Do you know that one of the most beautiful yet dangerous things in the world is the human brain?! It can justify practically any action, absolutes be damned. And once you realize that, it becomes more fascinating to observe it in action.
So far, my left brain has constructed enough “why”s to keep my life on a specific track. Now my right brain is slowly usurping control with many different justifications, absolutes be damned. As I change the pace of my life now largely ruled by my right brain, my left responds with the thoughts below. Their tango has been a delight to observe!
“There is nothing right in my left brain and nothing left in my right” – from a crazy professor in college. I tend to believe that at the moment and yet I forge on. I live in interesting times!
WHY 1: There’s never a time like the one between different phases of life. School and college. College and work. Work and grad school. Grad school and more work. And now, between work and no-work. As I resign from a job that I’ve loved and hated (potent feelings reserved for closest relationships), I justify that it’s time to party. I’ve been known to do this at every transition zone, but the magnitude of this one terrifies and excites me at the same time.

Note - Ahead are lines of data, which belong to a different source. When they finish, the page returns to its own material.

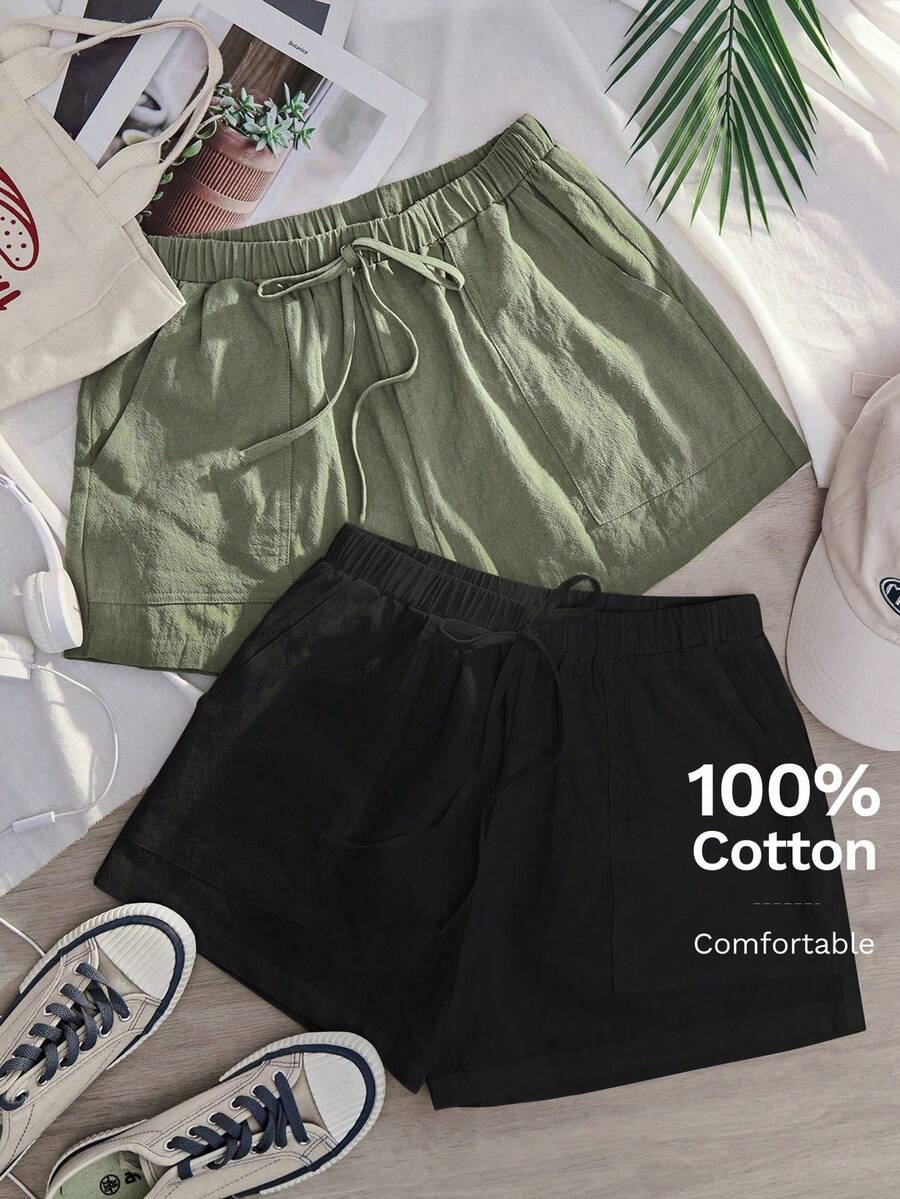 Comfortcana 2件套橄榄绿和黑色宽松大码短裤套装,休闲,夏季,度假女装 - 彩色 - 查看 1
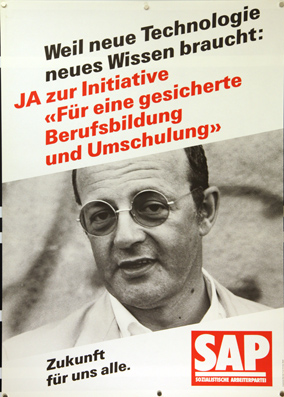 Plakat - Ja zur Initiative «Für eine gesicherte Berufsbildung und Umschulung». Weil Technologie neues Wissen braucht.
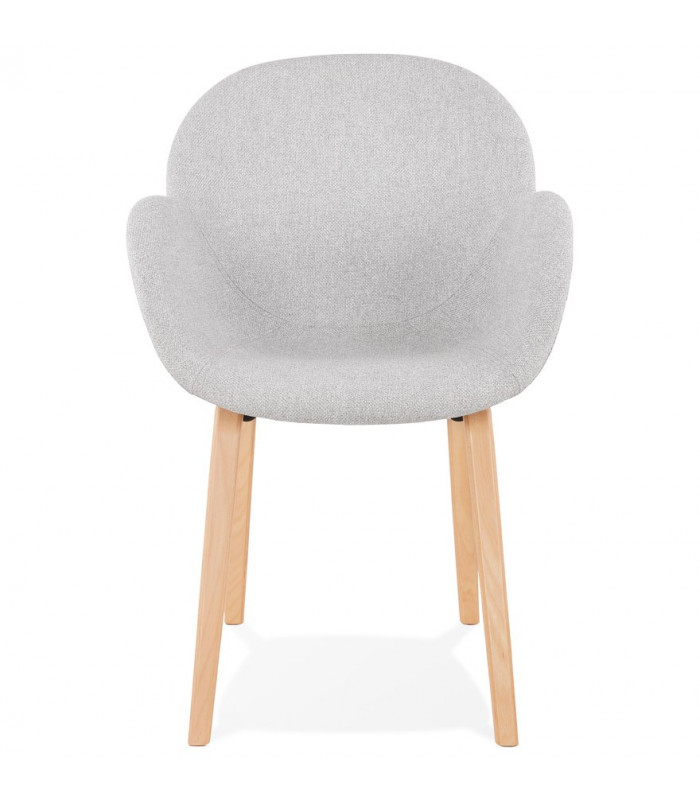 Fauteuil design gris clair en tissu et bois Claudia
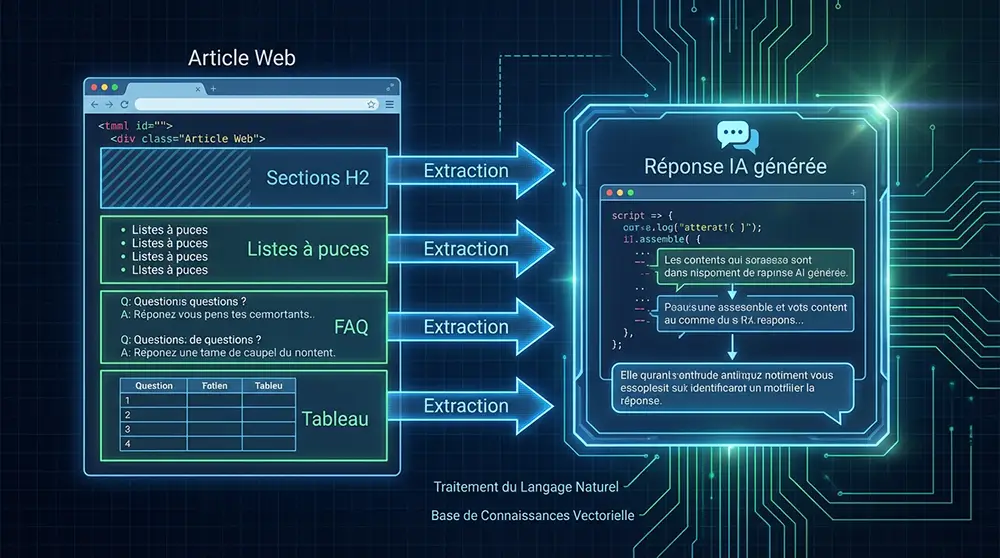Schéma illustrant la structure idéale d'un contenu optimisé IA : pyramide inversée, chunks indépendants, balises FAQPage et données structurées schema.org pour maximiser les citations ChatGPT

Random Thought Alert: Change. Sometimes we create it, sometimes we adapt and at other times it is thrust upon us challenging us to exercise choices in response.
WHY 2: Escapist Endeavors
At each of these transition zones, I mostly knew when and where the next step would start. This time, although I know exactly when “no work” starts and I do have a “wedding date”, things are completely unknown after that. The obsessive planner in me is terrified and in denial. She looks for a flight to take her away from her life so far and her life yet to come, albeit for a short time.
WHY 3: JUST!
Yeah. Just. No reason.
As children, my BFF and I sat on a huge glass-top table with a world map underneath it, as I showed off that I knew complicated-sounding geographical names (Azerbaijan, anyone?) while she dissed America in a way only an eight-year-old can. Since then, there has been an image in my head of a little girl trudging across this map, sometimes with a little map of her own and sometimes not. While this is a corny analogy to my life, something in me wants to translate this to “real life” out of curiosity and see how I turn out on the other side. Lost? Found? Educated? Humbled? Stronger? Disillusioned? Depressed? Lonely? Or just plain “been there, done that”? I’m clueless, which fascinates me enough to jump headlong into this. So yeah, JUST.